3.1. Zoals de Afdeling eerder heeft overwogen (zie uitspraak van 25 februari 2015, ECLI:NL:RVS:2015:574), bestaat geen grond voor het oordeel dat de Afdeling niet onafhankelijk is of niet aan de in artikel 6, eerste lid, van het EVRM vermelde vereisten voldoet. Bij de uitspraak van 25 februari 2015 (ECLI:NL:RVS:2015:586) waarnaar de rechtbank heeft verwezen, de uitspraak van 1 juni 2016 waarnaar hierna in 6.2 wordt verwezen noch bij de behandeling van het onderhavige hoger beroep, zijn leden van de Afdeling betrokken die belast zijn met advisering. Dat [appellante] zich niet kan vinden in de jurisprudentie van de Afdeling in vergelijkbare zaken is onvoldoende om de onpartijdigheid van de Afdeling in twijfel te trekken.
Het betoog faalt.
- Handelingsbekwaamheid Belastingdienst/Toeslagen
4. Ter zitting heeft [appellante] erop gewezen dat de Belastingdienst blijkens een brief van 11 oktober 2016 van de staatssecretaris van Financiën aan de Voorzitter van de Tweede Kamer der Staten-Generaal onder curatele is gesteld.
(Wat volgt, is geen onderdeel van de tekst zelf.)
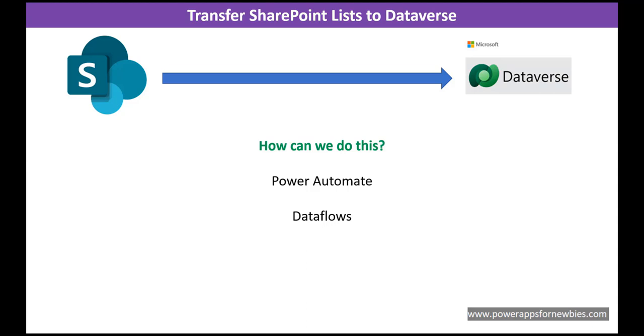Hello and welcome to this video on how to move SharePoint list data over to Dataverse. So how can we do this?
Volgens [appellante] heeft dit tot gevolg dat voor het verrichten van rechtshandelingen door de Belastingdienst/Toeslagen instemming van de curator noodzakelijk is.
4.1. De Afdeling overweegt dat het verscherpt toezicht door de Inspectie der Rijksfinanciën op artikel 1 Belastingdienst van de begroting van Financiën (IX) dat is ingesteld geen gevolgen heeft voor het optreden van de Belastingdienst/Toeslagen ter zitting in deze procedure. Evenmin raakt dit de besluitvorming waar het in deze procedure om gaat.
Berekeningsjaar 2009
5. [appellante] stelt dat de rechtbank eraan voorbij is gegaan dat zij geen inhoudelijke gronden naar voren heeft kunnen brengen omdat, ondanks haar verzoek daartoe, de Belastingdienst/Toeslagen haar zowel in de herzieningsfase als in de bezwaarfase niet in de gelegenheid heeft gesteld om aanvullende gronden in te dienen.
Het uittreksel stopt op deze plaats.